(Data shown begins)

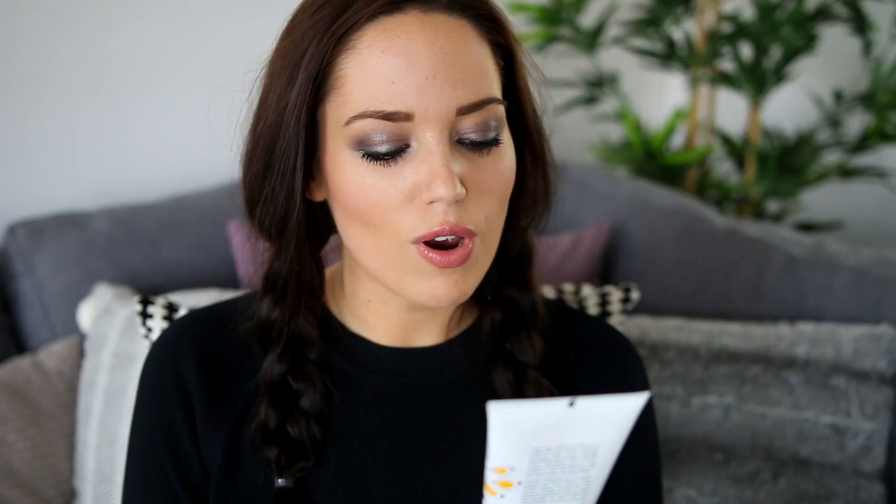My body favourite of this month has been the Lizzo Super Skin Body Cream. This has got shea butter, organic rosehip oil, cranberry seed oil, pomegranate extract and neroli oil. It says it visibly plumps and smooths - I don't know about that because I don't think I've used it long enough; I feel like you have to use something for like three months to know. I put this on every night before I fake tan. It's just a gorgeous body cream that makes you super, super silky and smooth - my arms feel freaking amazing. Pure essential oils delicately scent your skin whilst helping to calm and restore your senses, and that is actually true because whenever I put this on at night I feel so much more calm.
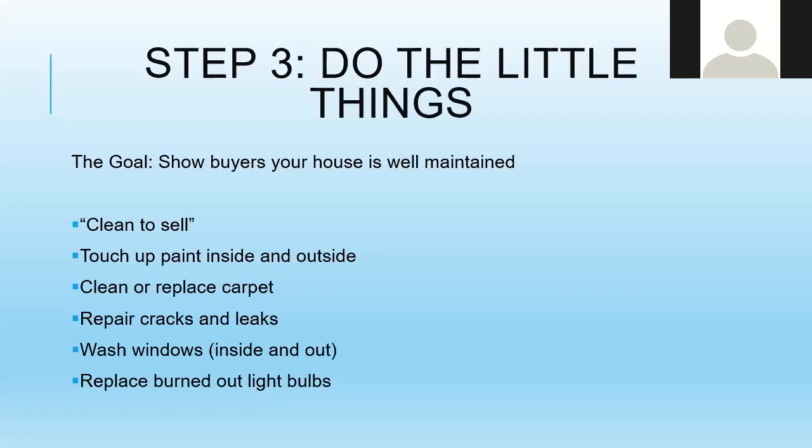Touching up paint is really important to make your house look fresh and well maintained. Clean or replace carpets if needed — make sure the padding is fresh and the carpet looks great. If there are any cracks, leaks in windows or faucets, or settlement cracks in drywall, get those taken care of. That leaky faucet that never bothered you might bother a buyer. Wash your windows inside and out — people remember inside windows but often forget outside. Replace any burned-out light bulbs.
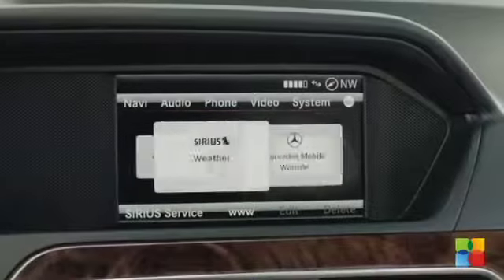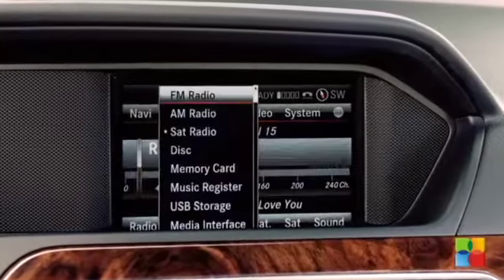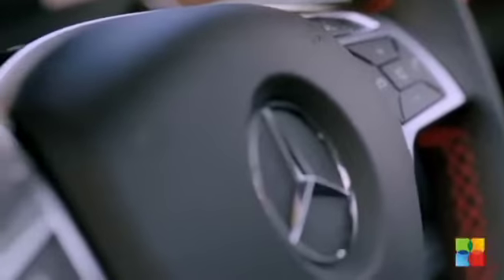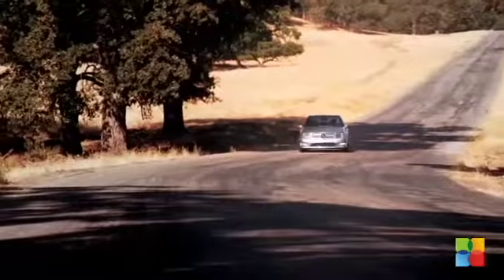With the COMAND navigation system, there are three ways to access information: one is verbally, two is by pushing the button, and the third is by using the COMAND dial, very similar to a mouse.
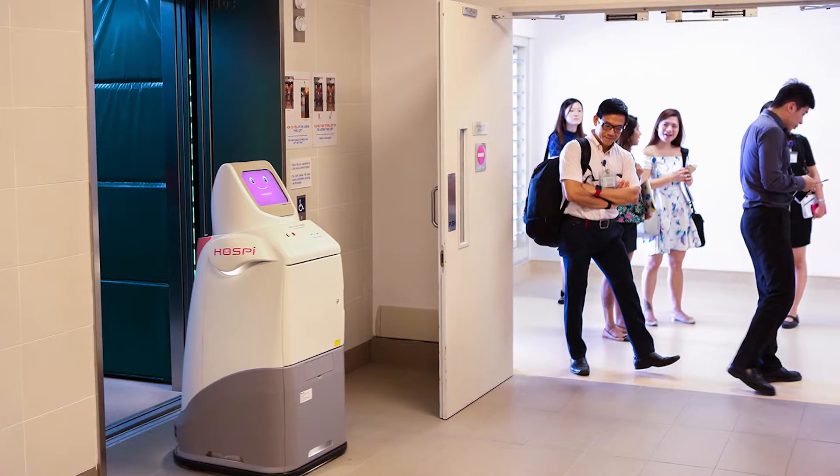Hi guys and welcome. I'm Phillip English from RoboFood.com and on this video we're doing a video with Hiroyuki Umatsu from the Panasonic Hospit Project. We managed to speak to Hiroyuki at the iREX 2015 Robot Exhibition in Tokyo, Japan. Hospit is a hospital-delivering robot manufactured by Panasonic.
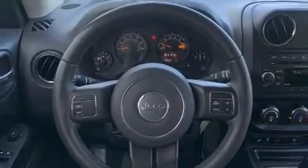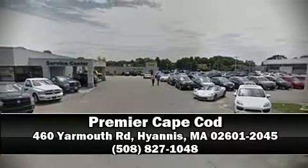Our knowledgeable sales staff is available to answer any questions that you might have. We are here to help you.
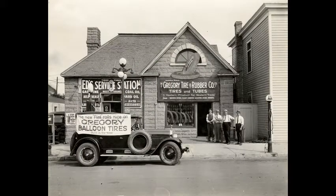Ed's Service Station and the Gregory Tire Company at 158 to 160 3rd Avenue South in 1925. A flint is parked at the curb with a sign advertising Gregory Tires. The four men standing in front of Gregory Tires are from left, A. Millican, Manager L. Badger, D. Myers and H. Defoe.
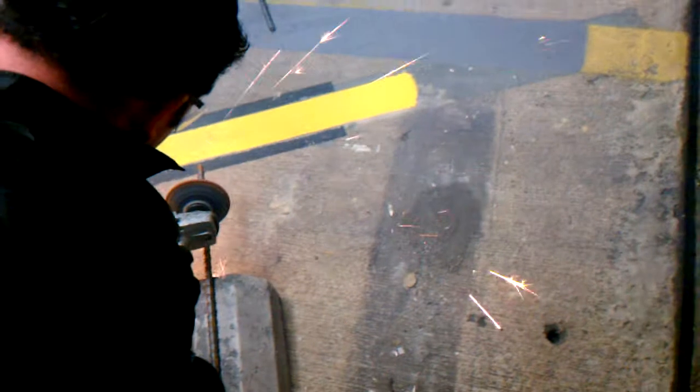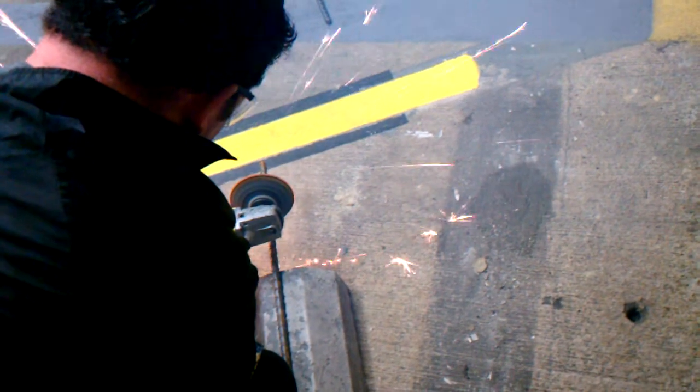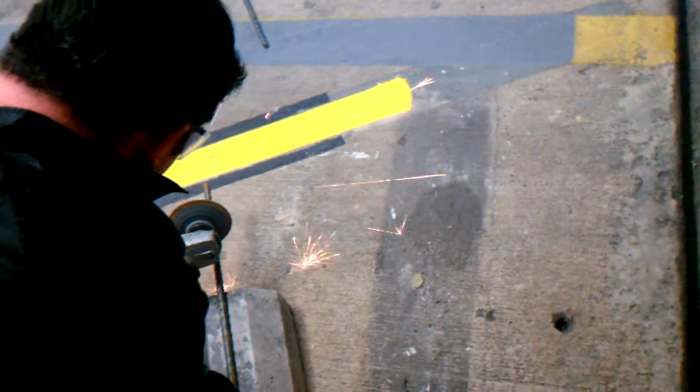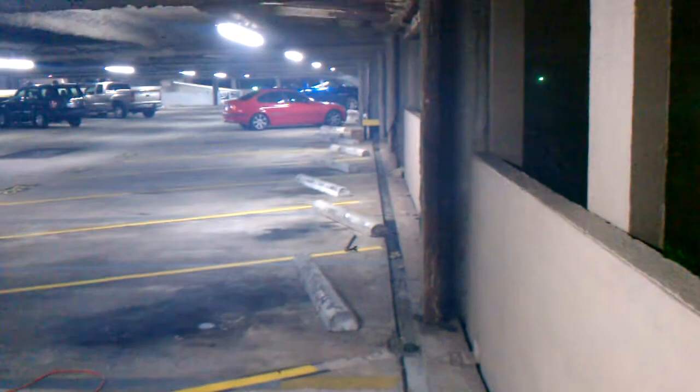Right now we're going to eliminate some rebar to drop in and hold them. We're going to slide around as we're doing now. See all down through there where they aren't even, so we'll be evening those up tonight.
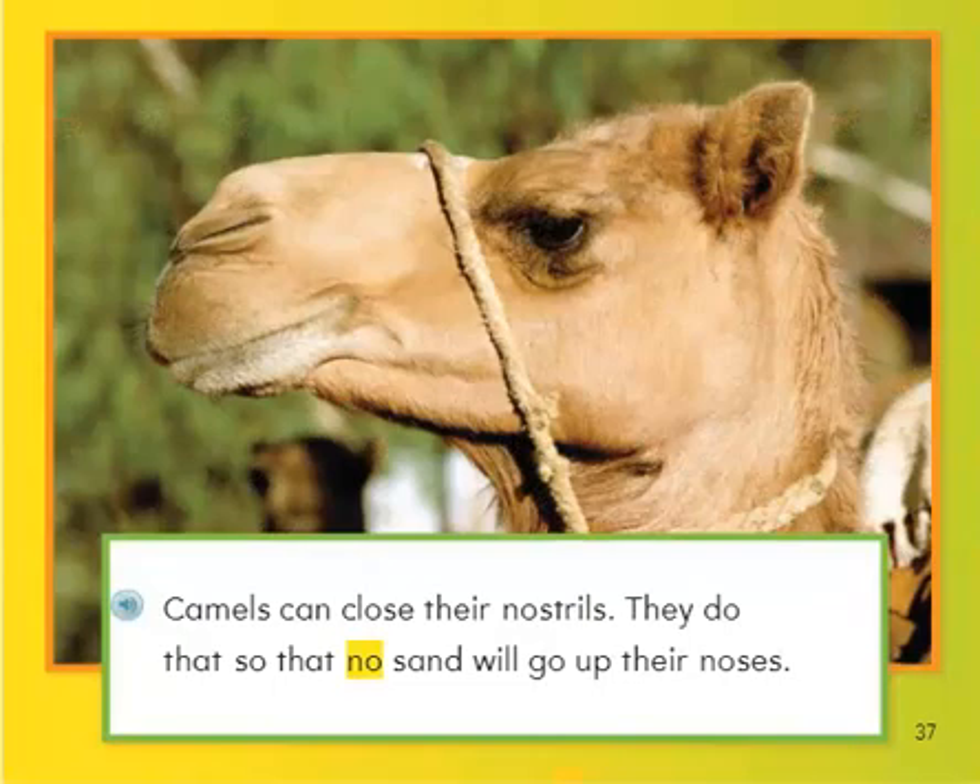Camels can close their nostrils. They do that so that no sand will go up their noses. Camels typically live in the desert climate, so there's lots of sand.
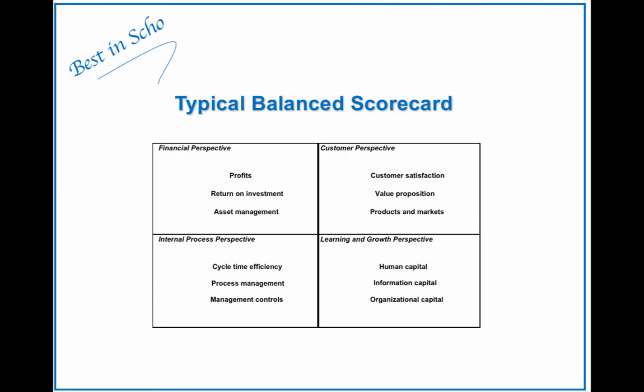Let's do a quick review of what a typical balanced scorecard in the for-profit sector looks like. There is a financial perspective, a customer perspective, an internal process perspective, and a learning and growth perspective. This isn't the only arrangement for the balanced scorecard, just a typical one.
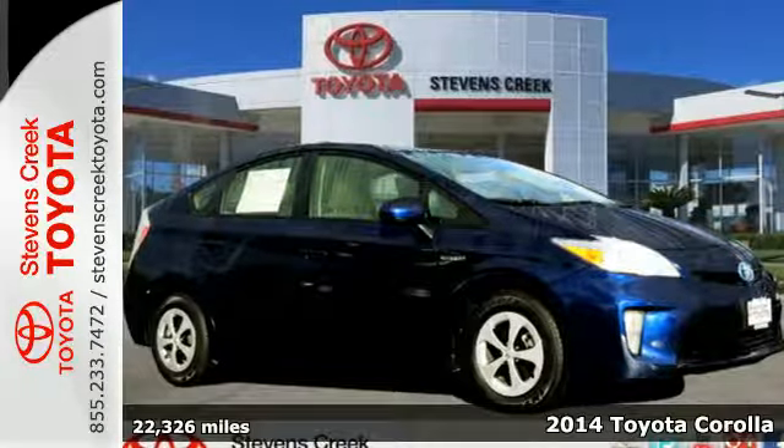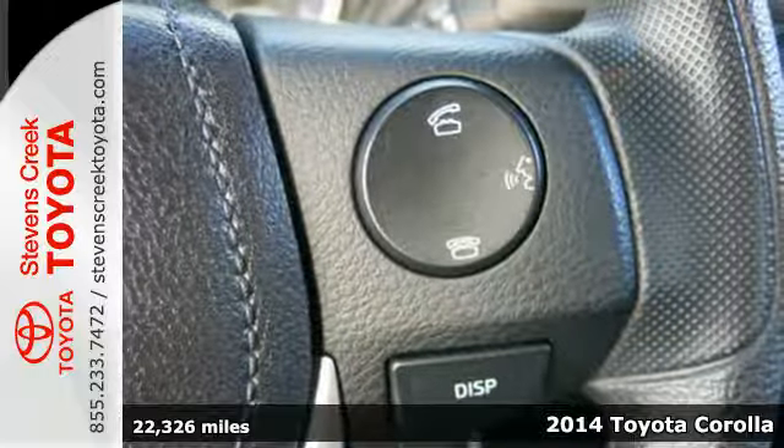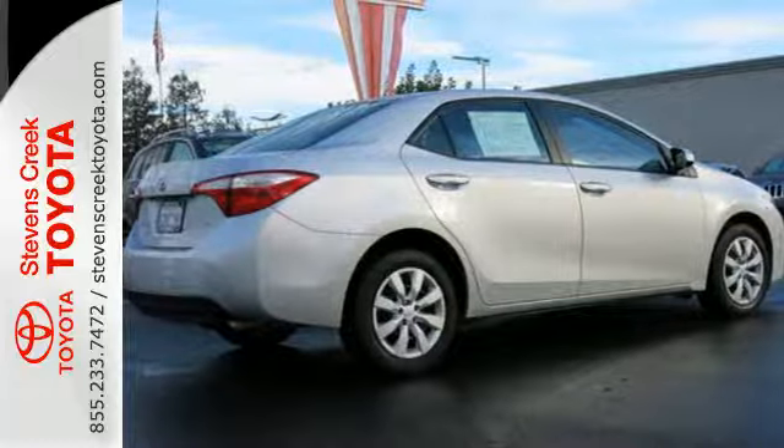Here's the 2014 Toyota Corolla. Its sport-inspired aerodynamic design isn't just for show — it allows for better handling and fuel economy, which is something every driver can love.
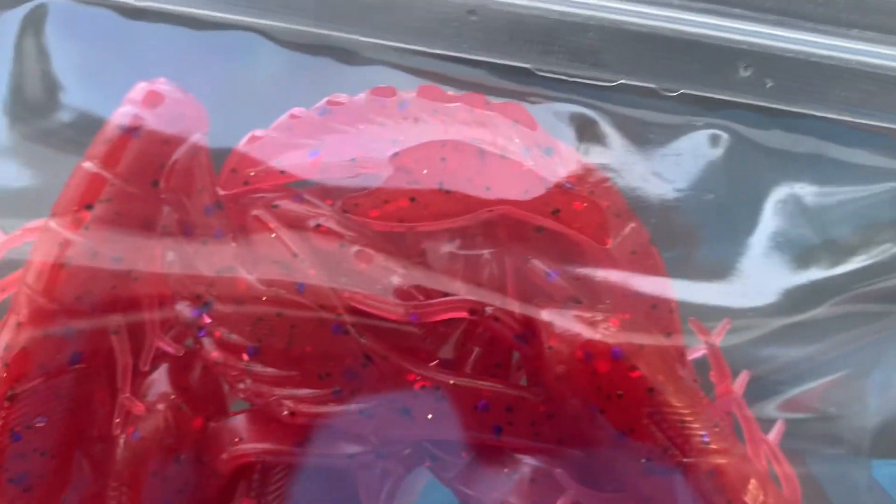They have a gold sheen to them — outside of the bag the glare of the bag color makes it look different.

(Data shown ends)

*Task instructions*. Beginning with the first line of the records above, extract each line exactly through the line that holds "With the COMAND", both ends included. Omit pictures.

*Exercise answer*.
My body favourite of this month has been the Lizzo Super Skin Body Cream. This has got shea butter, organic rosehip oil, cranberry seed oil, pomegranate extract and neroli oil. It says it visibly plumps and smooths - I don't know about that because I don't think I've used it long enough; I feel like you have to use something for like three months to know. I put this on every night before I fake tan. It's just a gorgeous body cream that makes you super, super silky and smooth - my arms feel freaking amazing. Pure essential oils delicately scent your skin whilst helping to calm and restore your senses, and that is actually true because whenever I put this on at night I feel so much more calm.
Touching up paint is really important to make your house look fresh and well maintained. Clean or replace carpets if needed — make sure the padding is fresh and the carpet looks great. If there are any cracks, leaks in windows or faucets, or settlement cracks in drywall, get those taken care of. That leaky faucet that never bothered you might bother a buyer. Wash your windows inside and out — people remember inside windows but often forget outside. Replace any burned-out light bulbs.
With the COMAND navigation system, there are three ways to access information: one is verbally, two is by pushing the button, and the third is by using the COMAND dial, very similar to a mouse.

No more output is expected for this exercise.